Task description:
Each line below is to be repeated exactly; any picture is to be left out.

Information supplied:
....

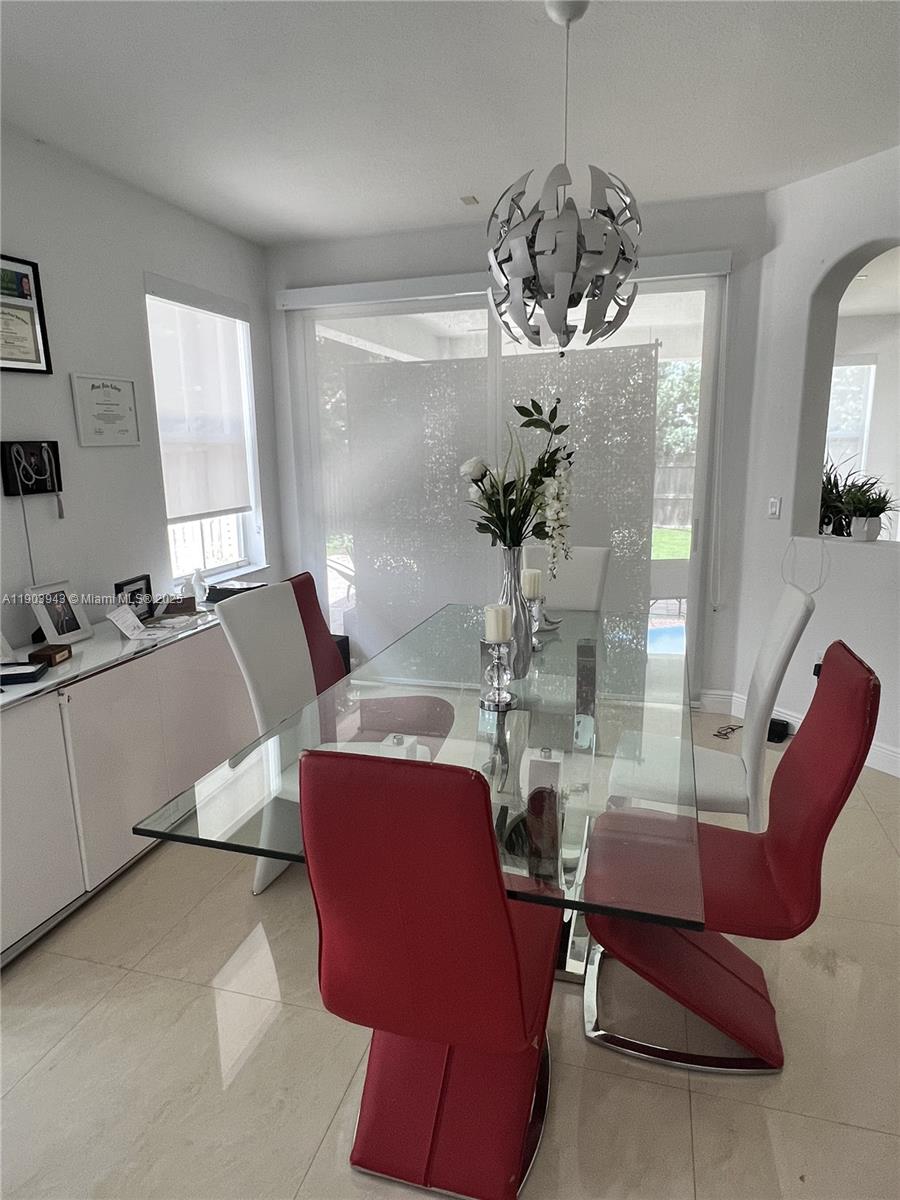 ISLANDS AT DORAL 1ST ADDN - Residential Lease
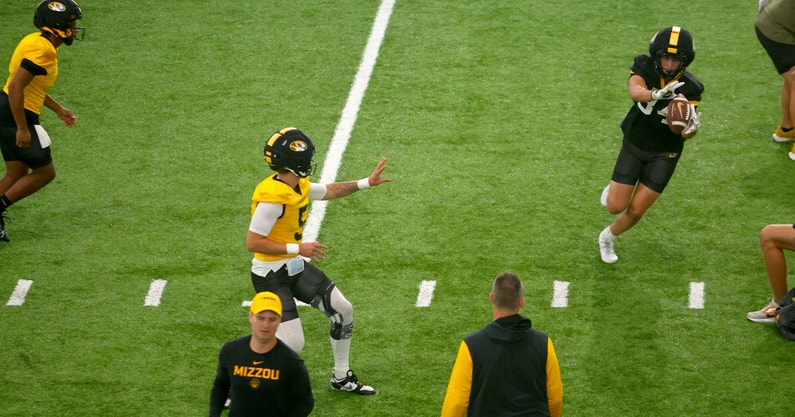 Matt Zollers (5) shovels a pass to tight end Adam Mollitor (84)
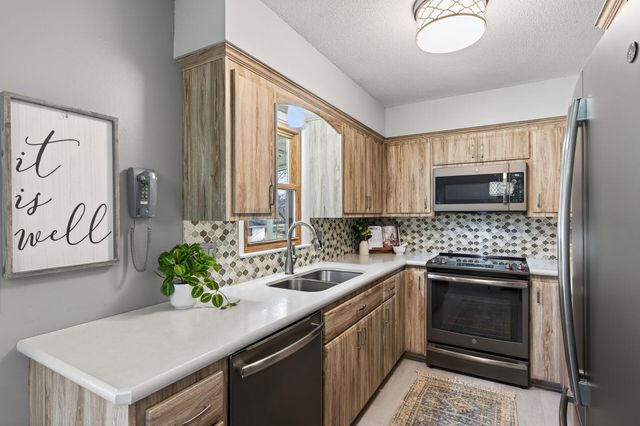 3210 W 110th Street, Bloomington, MN 55431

....

Output of the task:
 ISLANDS AT DORAL 1ST ADDN - Residential Lease
 Matt Zollers (5) shovels a pass to tight end Adam Mollitor (84)
 3210 W 110th Street, Bloomington, MN 55431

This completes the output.